> _EXERCISE DIRECTIONS_: Repeat each line of the data below exactly, but skip the pictures.

> _DATA BELOW_:
--
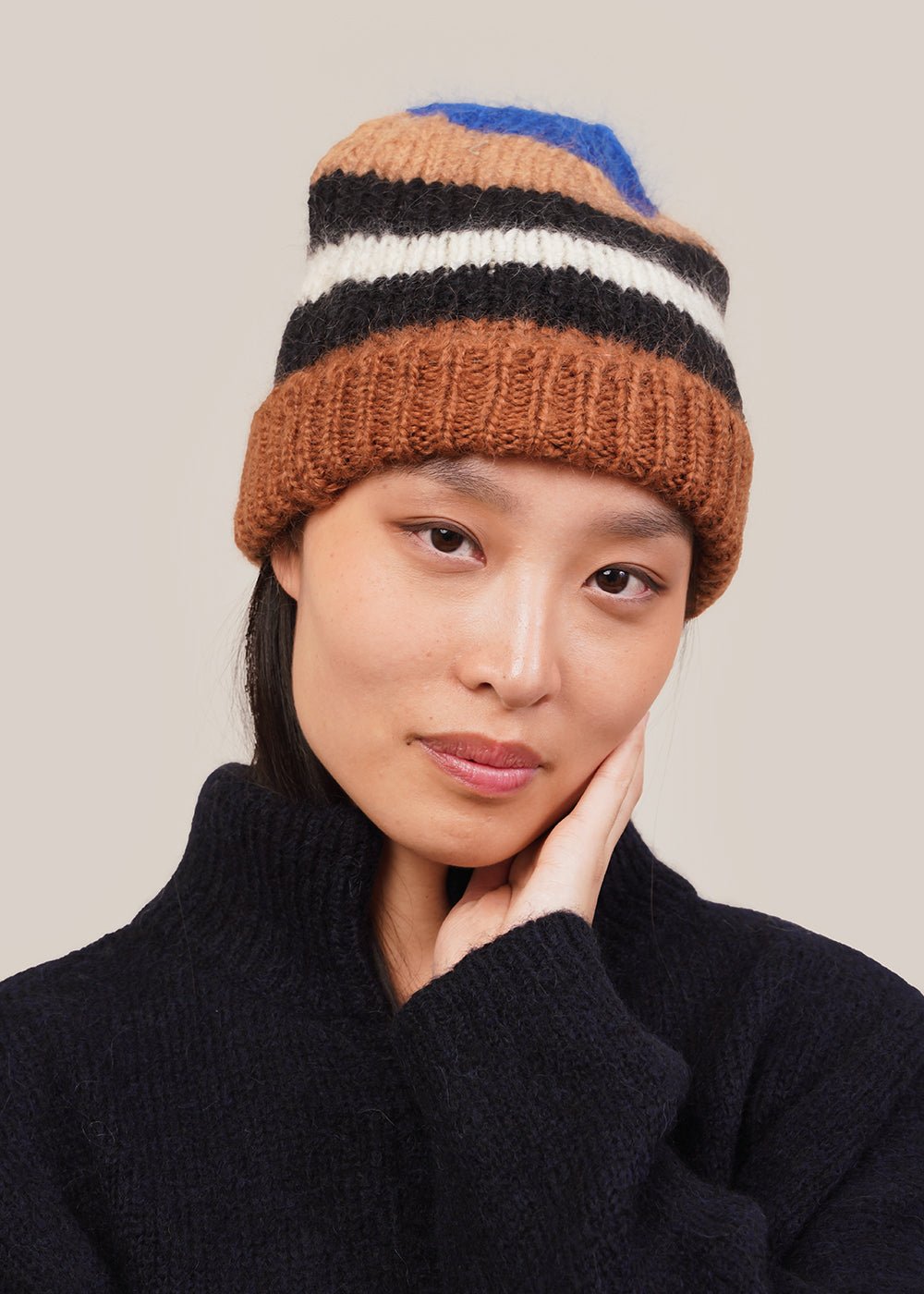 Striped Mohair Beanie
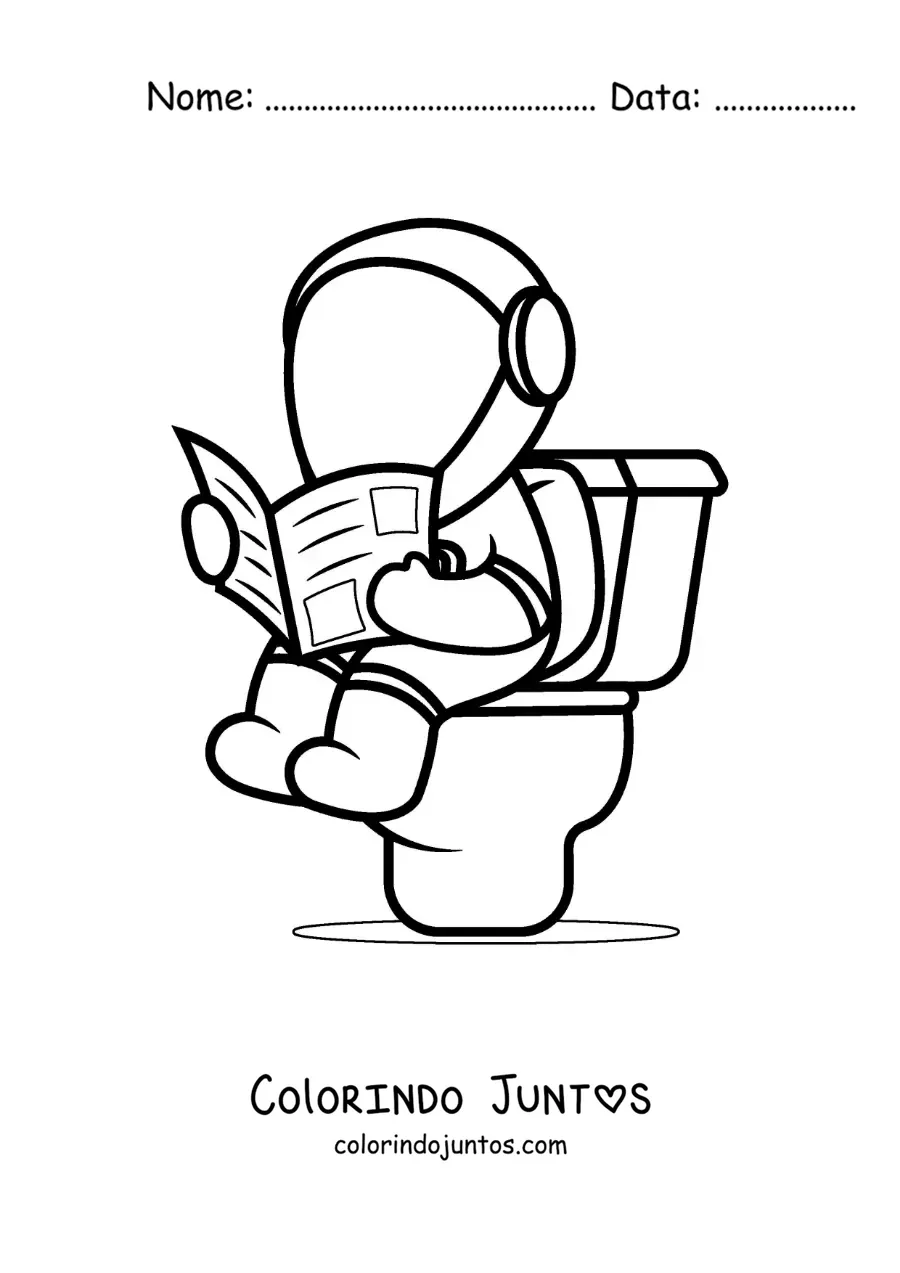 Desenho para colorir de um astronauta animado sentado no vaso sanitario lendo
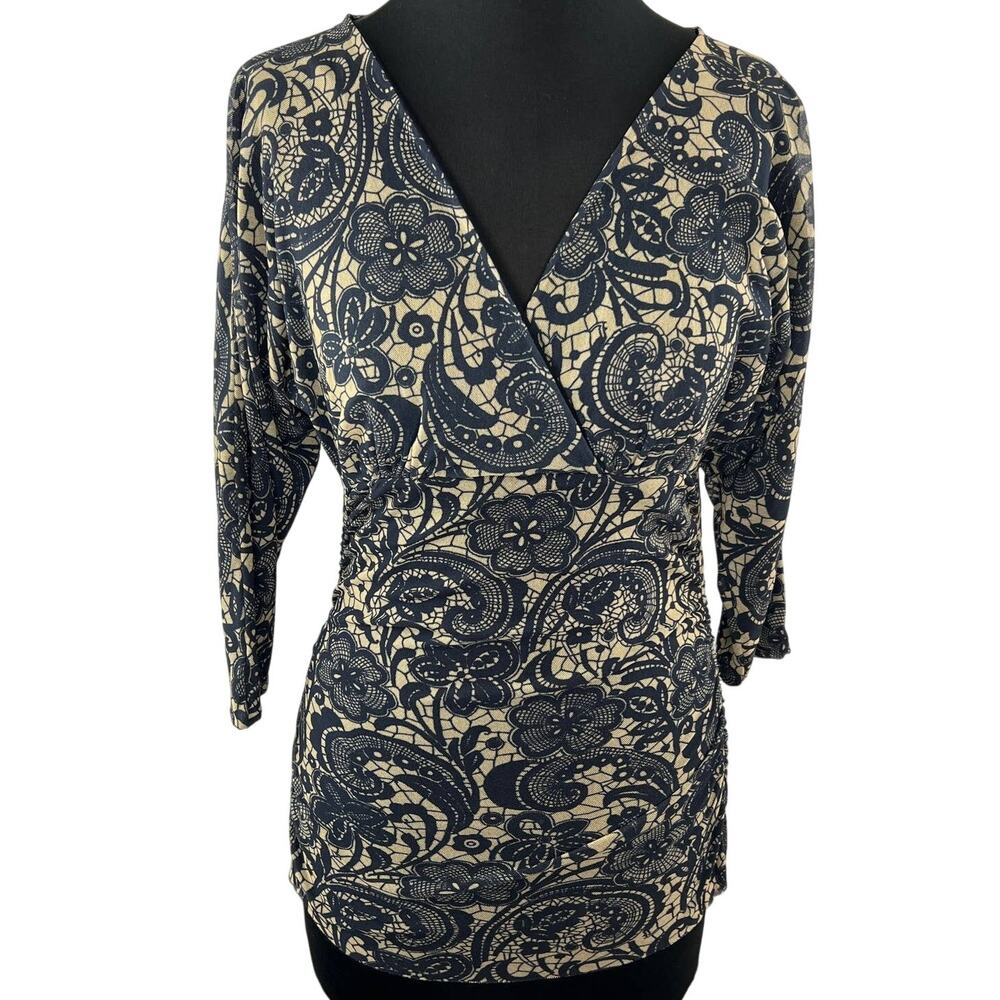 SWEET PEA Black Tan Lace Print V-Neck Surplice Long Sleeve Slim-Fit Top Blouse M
--
> _SOLUTION TO THIS TASK_:
 Striped Mohair Beanie
 Desenho para colorir de um astronauta animado sentado no vaso sanitario lendo
 SWEET PEA Black Tan Lace Print V-Neck Surplice Long Sleeve Slim-Fit Top Blouse M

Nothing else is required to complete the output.